Together, Carl and Assad make for interesting foil characters. Carl seems devoted to his grumpiness and laziness, while Assad is indefatigably cheerful and hard-working. A dynamic between the detective and his sidekick develops over the course of the novel. Eventually they find a mutual respect.
What also makes this book so enjoyable is that it totally involves the reader who will experience a gamut of emotions: humour, heartbreak, and stomach-twisting suspense. The reader will probably puzzle out the mystery but following Carl and Assad as they investigate is engrossing.
This book has it all: it is fast-paced; it introduces characters the reader will want to meet again; the case is complex but not too difficult to follow. The Keeper of Lost Causes is a keeper.
Review of The Hanging Girl
Department Q is back. Carl, Assad and Rose are joined by an additional member, Gordon. This time they investigate a case from 17 years earlier. Alberte Goldschmid was found hanging from a tree on Bornholm, one of the Danish islands. The policeman, who found her body and became obsessed with discovering who was driving the vehicle that hit her, commits suicide but not before bequeathing the case to Department Q. The investigation has them delving into a sun-worshiping cult from whose centre, the Nature Absorption Academy, people are disappearing.
This is the sixth Department Q novel, and I would advise readers to read them in order since each one adds to character development.

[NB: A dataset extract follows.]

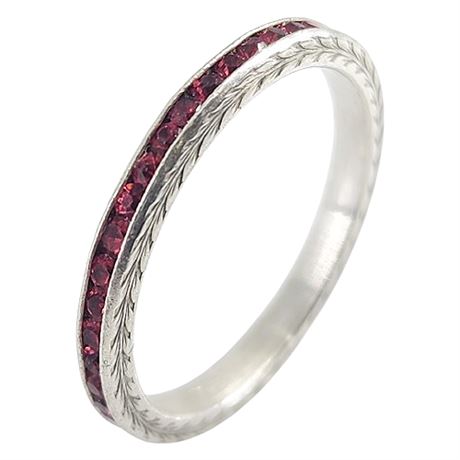 Signed Vintage ORLANDO Engraved Sterling Silver Red Crystal Eternity Ring, Sz 5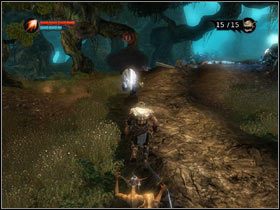 Po prawej stronie jest barierka (#1), a za nią nowy czar - [Solucja Overlord] Find the source of the choking roots - Overlord - poradnik do gry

As in the previous books, we learn a bit more about Assad’s mysterious past though not all is revealed. Apparently there are four more books to the series.
The book excels at showing the road an actual police investigation takes – with twists, turns, and dead ends. This does not make for a fast-paced story, but ensures a more realistic plot. What also unifies the plot is the theme of jealousy. The reader sees several examples of how people react to a perceived threat to a relationship. The resolution does have some surprises, but logic is not sacrificed.
As in the other books in the series, there are humourous touches. The banter between the members of the department continues.
If you have not already discovered this Danish mystery series, do check it out. As Queen Elizabeth II says in Alan Bennett’s The Uncommon Reader, “Can there be any greater pleasure . . . than to come across an author one enjoys and then to find they have written not just one book or two . . . “?